DS: Will you be nervous when the movie has its world premiere at FrightFest 2022?
IT: Will we be nervous? Hmm. Yes! But, what is both terrifying and exciting is worth pursuing. We’re most of all just grateful to see the movie with its first audience.
DS: If you made a documentary about a director, who would you choose and why?
IT: I don’t know that I’d be interested in making an actual documentary about a filmmaker, but I would like to make narrative films about real life filmmakers. I think making a Being John Malcovich or an Unbearable Weight of Massive Talent type flick centred on David Lynch would be quite fun. I’d also want to make a Disaster Artist-esque dramatization of the making of the 1960’s Batman TV show. The making of/behind the scenes stories are vast and wild.

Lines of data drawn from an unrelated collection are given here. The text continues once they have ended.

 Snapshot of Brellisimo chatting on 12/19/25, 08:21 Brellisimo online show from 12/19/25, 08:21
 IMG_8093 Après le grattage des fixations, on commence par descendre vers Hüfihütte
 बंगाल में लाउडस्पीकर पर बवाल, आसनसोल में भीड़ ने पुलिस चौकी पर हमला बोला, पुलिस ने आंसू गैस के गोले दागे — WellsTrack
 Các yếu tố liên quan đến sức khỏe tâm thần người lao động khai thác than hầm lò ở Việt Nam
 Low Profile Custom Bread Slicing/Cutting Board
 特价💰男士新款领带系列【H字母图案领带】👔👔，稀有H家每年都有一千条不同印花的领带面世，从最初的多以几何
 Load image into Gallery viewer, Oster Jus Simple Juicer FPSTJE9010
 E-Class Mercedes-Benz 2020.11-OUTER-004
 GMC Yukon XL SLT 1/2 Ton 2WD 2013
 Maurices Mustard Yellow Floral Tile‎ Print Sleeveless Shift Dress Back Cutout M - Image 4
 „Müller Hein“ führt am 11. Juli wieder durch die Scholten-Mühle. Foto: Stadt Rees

DS: So, what are you up to at the moment?
IT: Right now, we’ve been prepping Everybody Dies for its premiere at FrightFest, earlier this year I acted in and helped produce a microbudget film shot in my hometown of San Diego called Daydreamer, about an affluent family plagued by an irreversible accident committed by my character, written and directed by Sam Sprague who is one of the producers and 1st AD of Everybody Dies. I directed another feature this past fall entitled Sincerely Saul which is a narratively shot black and white 4×3 nightmare starring Ryan Schafer, my co-director on Everybody Dies. I’m deep into refining the cut of the film right now and we’re in pre-production on what is looking like will be my third feature as a director this fall. That one is called ‘Normy’, though there isn’t a whole lot that’s normal about the film.
DS: Ian Tripp, thank you very much.
IT: Thanks again for your time and interest in the film. Cheers!